I see the question now. I don't have a good answer. One way to look at it
would be that a "zone" is an internal implementation detail and should not
be seen in a action of logical flow. But we can then say that we could
rename "zone" as "datapath" in the logical action.  But, then we would be
limiting it to 2 anyway (datapath=lswitch or datapath=lrouter), because
that is all that I can think about - in which case we are inferring it with
the current patch anyway.  I did start with passing this as an argument to
ct_lb, but could not think about a good name. I then decided that for a
stateful OVS action, you probably cannot make a very general purpose
logical action.  Do you have an opinion? I will go with that.
Ben Pfaff Sept. 9, 2016, 3:59 p.m. UTC | #5
On Tue, Aug 30, 2016 at 03:04:44PM -0700, Guru Shetty wrote:
> On 30 August 2016 at 14:50, Ben Pfaff <blp@ovn.org> wrote:
> 
> > On Tue, Aug 30, 2016 at 01:42:06PM -0700, Guru Shetty wrote:
> > > On 30 August 2016 at 13:03, Ben Pfaff <blp@ovn.org> wrote:
> > >
> > > > On Tue, Aug 23, 2016 at 02:46:17AM -0700, Gurucharan Shetty wrote:
> > > > > Currently ct_lb() logical action is only added for a logical switch
> > and
> > > > > we use the conntrack zone allocated for the logical port.  A future
> > > > commit
> > > > > will use ct_lb() for a logical router too.  In that case, use the
> > > > allocated
> > > > > DNAT zone.
> > > > >
> > > > > Signed-off-by: Gurucharan Shetty <guru@ovn.org>
> > > >
> > > > Can you help me to understand why the desired behavior is different in
> > > > each of these cases?
> > > >
> > >
> > > Currently we do the following conntrack zone allocations.
> > > 1. A conntrack zone for each logical port. This has to be unique only per
> > > hypervisor. We use this zone to do both firewall and east-west
> > > load-balancing.
> > >
> > > For firewall, we send the packet to conntrack to defragment it and track
> > it
> > > and figure out whether it is invalid, new, established etc. Invalid
> > packets
> > > are dropped. new connections are committed.
> > >
> > > For load-balancing, defragmented packets are DNATed into one of the
> > > possible endpoints. We do the load-balancing at the endpoint (instead of
> > > say in a router) because of the asymmetric  nature of OVN router pipeline
> > > handling for east-west.
> > > So when we see ct_lb() action on a switch, we can just use the conntrack
> > > zone allocated for that logical port.
> > >
> > >
> > > 2. Two conntrack zones per gateway router.
> > > A gateway router only resides in a particular chassis.
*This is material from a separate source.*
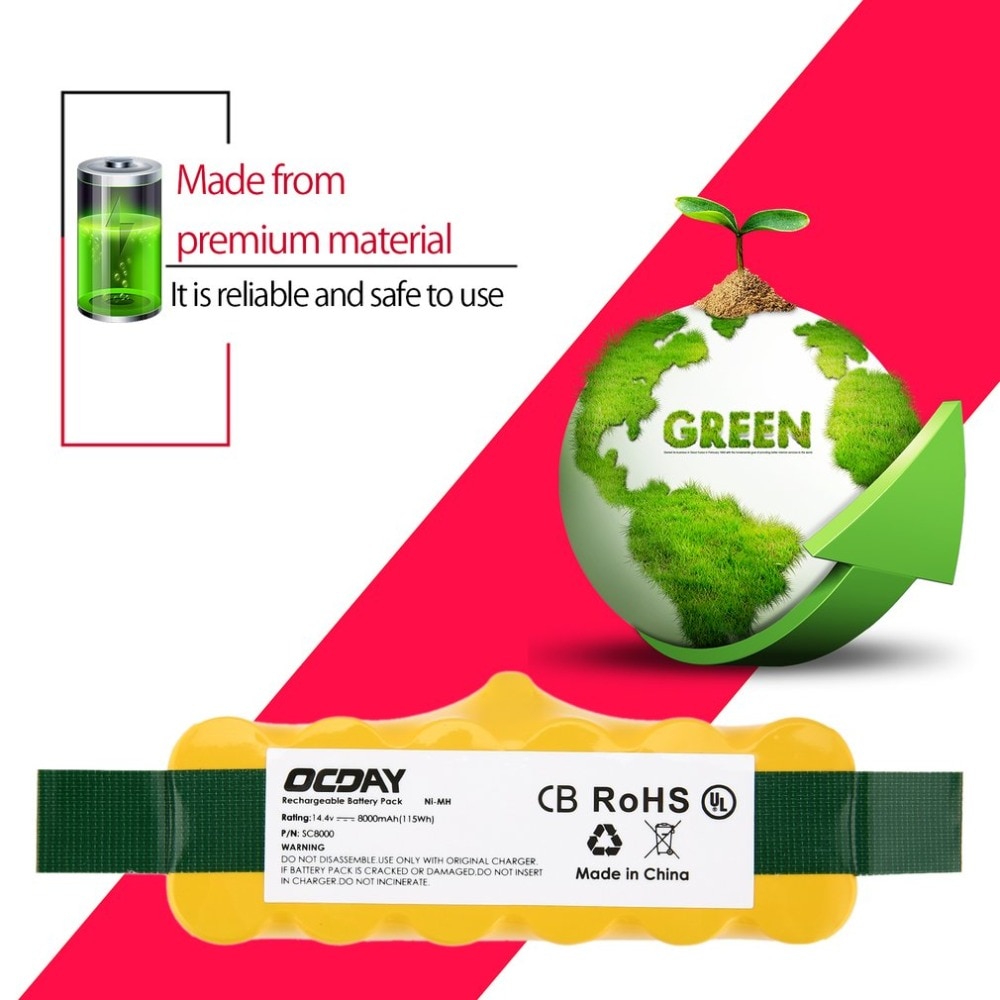 14.4V Ni-MH Vacuum Cleaner Rechargeable Battery Pack Suitable for Irobot Roomba Vacuum Cleaner Parts 3800/4500/4800/6000/8000mAh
We have one
> > > conntrack zone for DNAT and another for SNAT.
> > >
> > > Now when I want to add ct_lb() action for the gateway router, I want to
> > use
> > > it as part of the gateway router pipeline. Since load-balancing is
> > nothing
> > > but a DNAT using one of the chosen endpoint, the conntrack zone has to
> > be a
> > > DNAT zone allocated to that gateway router.
> > >
> > > Did I give the answer to your question? Or was it something else that you
> > > were looking an explanation for?
> >
> > One underlying question I'm trying to understand is whether this
> > difference is something inherent in the definition of logical switches
> > and logical routers, and thus the approach taken here of automatically
> > choosing a strategy is appropriate, or whether this is just what we
> > happen to be doing now, in which case it might be better to make how to
> > select the zone a parameter to ct_lb.
> >
> 
> I see the question now. I don't have a good answer. One way to look at it
> would be that a "zone" is an internal implementation detail and should not
> be seen in a action of logical flow. But we can then say that we could
> rename "zone" as "datapath" in the logical action.  But, then we would be
> limiting it to 2 anyway (datapath=lswitch or datapath=lrouter), because
> that is all that I can think about - in which case we are inferring it with
> the current patch anyway.  I did start with passing this as an argument to
> ct_lb, but could not think about a good name. I then decided that for a
> stateful OVS action, you probably cannot make a very general purpose
> logical action.  Do you have an opinion? I will go with that.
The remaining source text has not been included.